# 3 - Train Language Model Using FastAI.ipynb

## Pre-Requisite: Make Sure you have the right files prepared from Step 1

You should have these files in the root of the ./data/processed_data/ directory:

    1.{train/valid/test.function} - these are python function definitions tokenized (by space), 1 line per function.
    2.{train/valid/test.docstring} - these are docstrings that correspond to each of the python function definitions, and have a 1:1 correspondence with the lines in *.function files.
    3.{train/valid/test.lineage} - every line in this file contains a link back to the original location (github repo link) where the code was retrieved. There is a 1:1 correspondence with the lines in this file and the other two files. This is useful for debugging.

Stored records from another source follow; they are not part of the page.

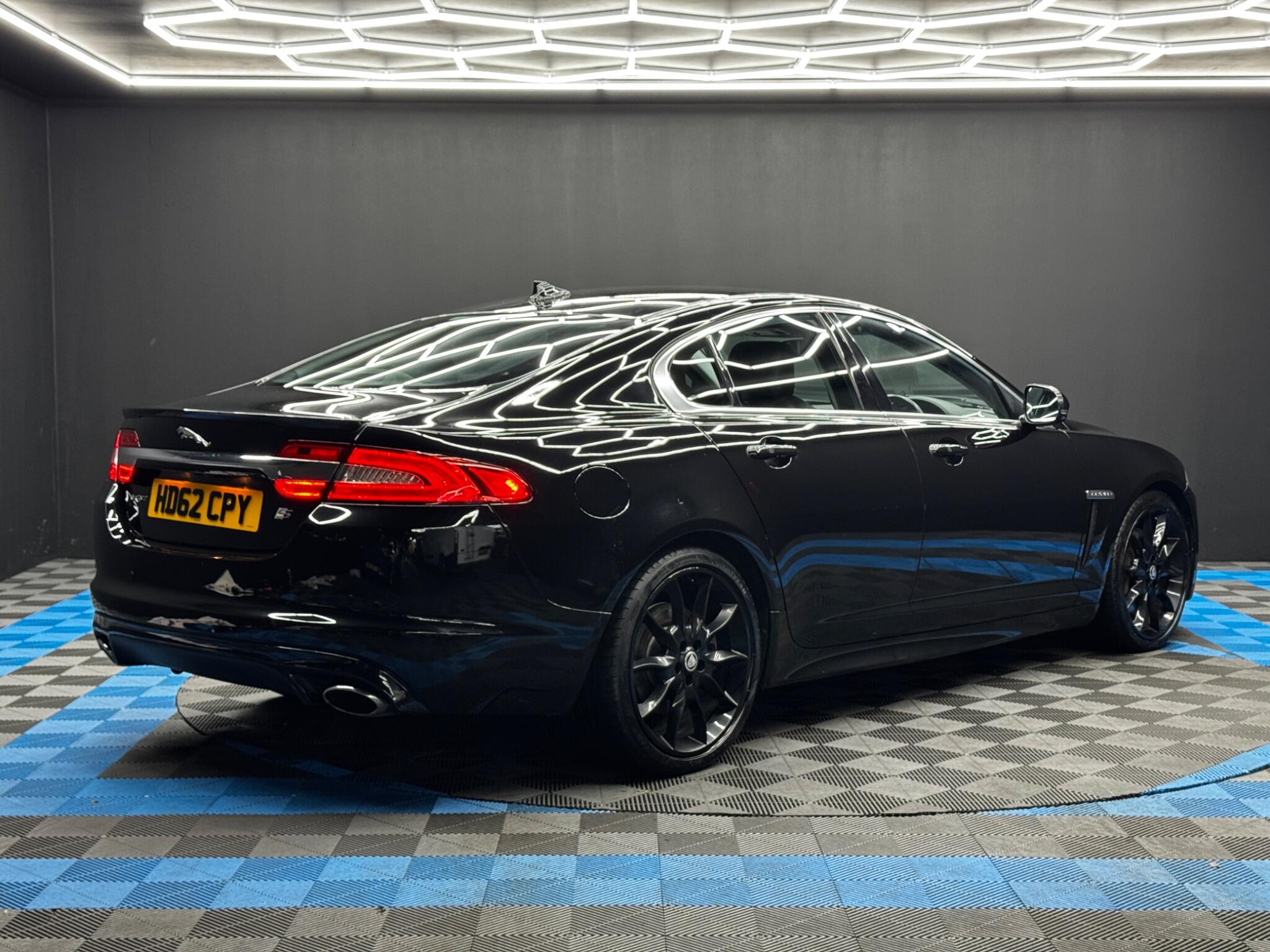 Jaguar XF 3.0d S V6 Premium Luxury Auto Euro 5 (s/s) 4dr 4dr Automatic 2025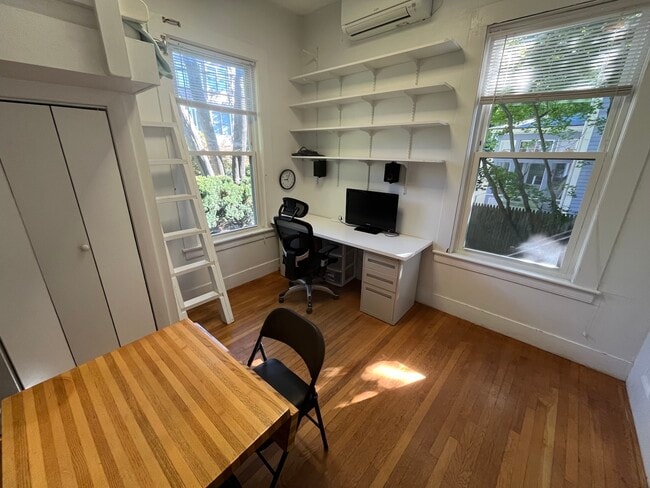 15 Arlington St, Unit 1st floor studio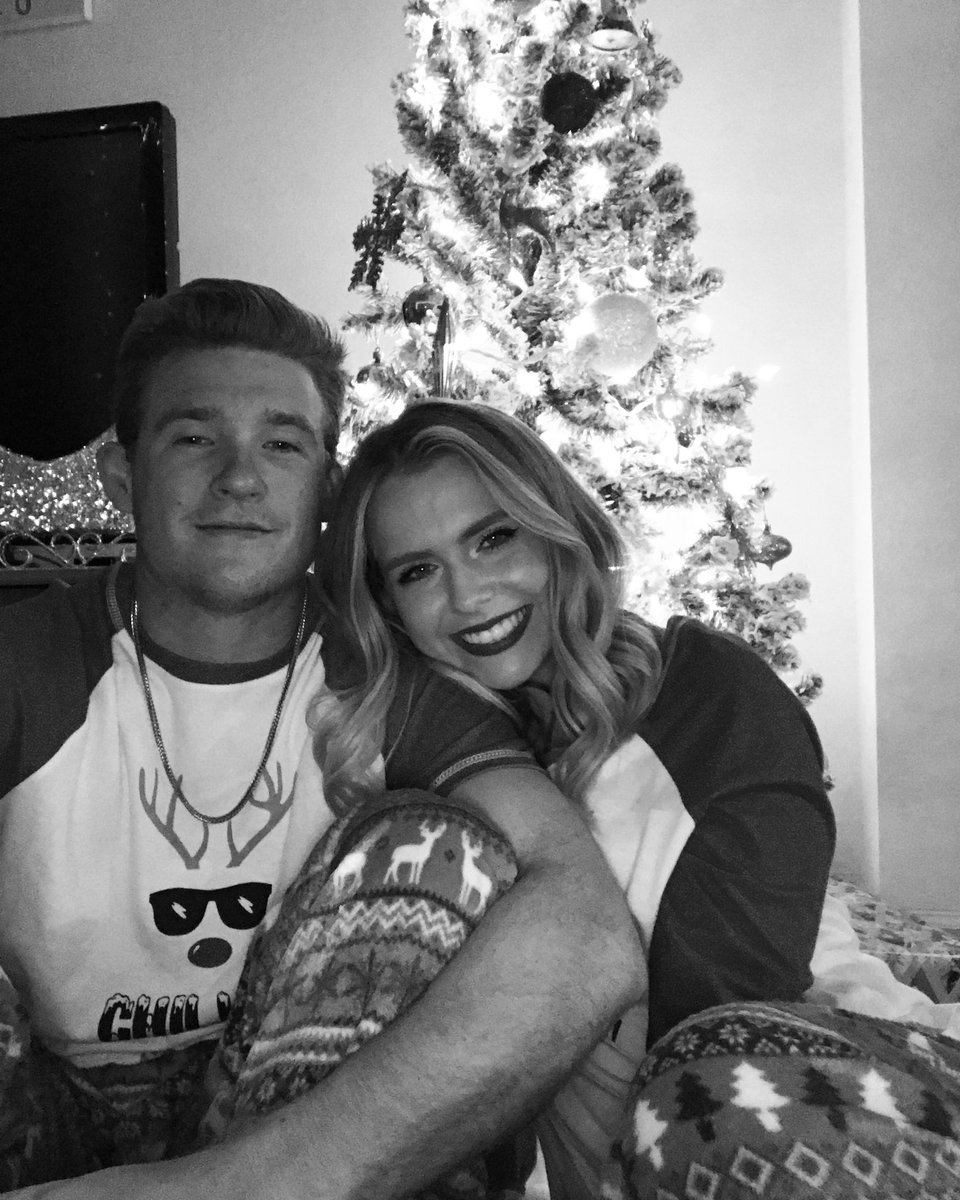 emillyhays's tweet photo. Cam is a prime example that you should consider boys that slide into your DM’s.... they can be winners ❤️ https://t.co/755Us43bzP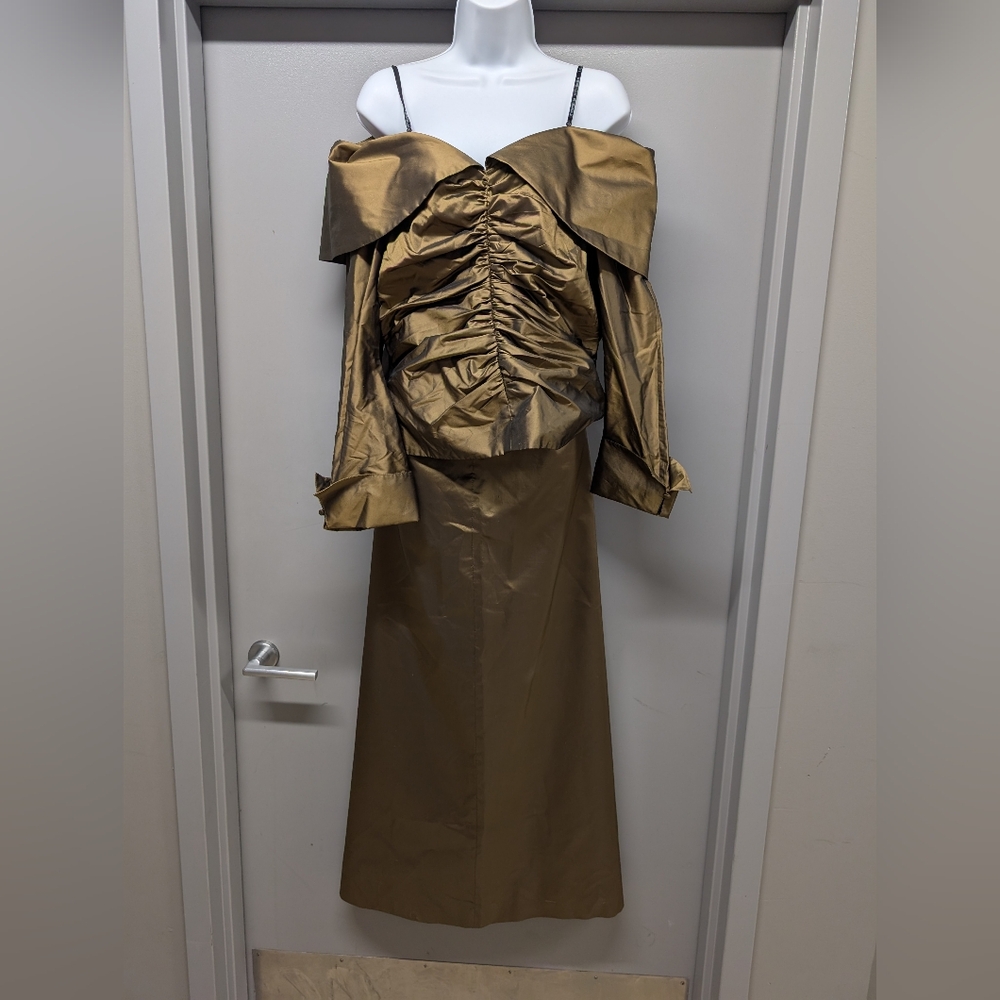 Chetta B 100% Silk Elegant Off-Shoulder 2 Piece Vintage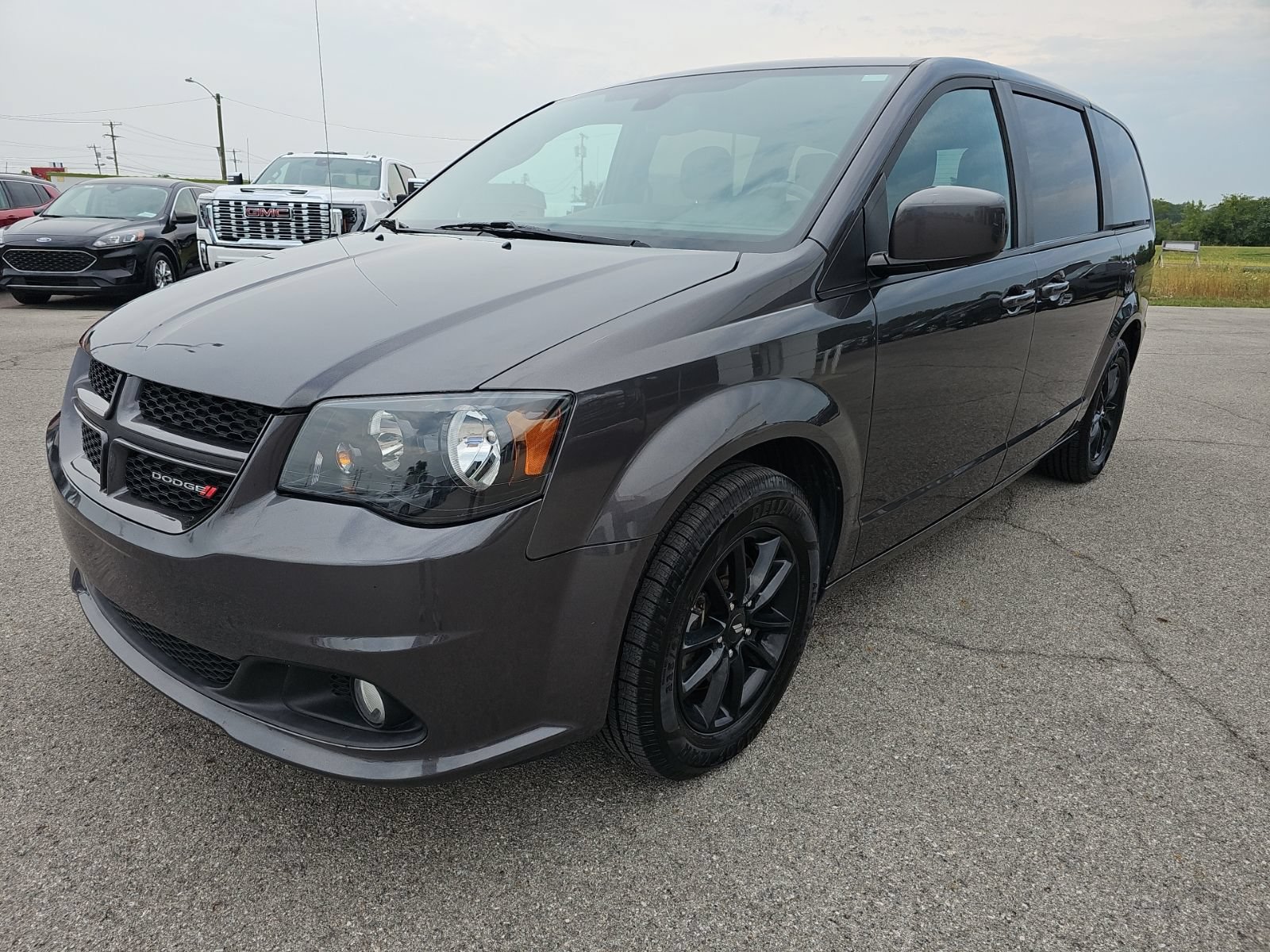 Used 2020 Dodge Grand Caravan GT FWD image 4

### Set the value of use_cache appropriately.

If use_cache = True, data will be downloaded where possible instead of re-computing. However, it is highly recommended that you set use_cache = False for this tutorial as it will be less confusing, and you will learn more by runing these steps yourself. This notebook was run on AWS on a p3.8xlarge in approximately 8 hours.

In [1]:


# # Optional: you can set what GPU you want to use in a notebook like this.  
# # Useful if you want to run concurrent experiments at the same time on different GPUs.
import os
os.environ["CUDA_DEVICE_ORDER"]="PCI_BUS_ID"
os.environ["CUDA_VISIBLE_DEVICES"]="2"



In [1]:
use_cache = False

In [3]:
import sys
sys.path.append("../")

In [None]:
## Download pre-processed data if you want to run from tutorial from this step.##
from general_utils import get_step2_prerequisite_files

if use_cache:
    get_step2_prerequisite_files(output_directory = './data/processed_data')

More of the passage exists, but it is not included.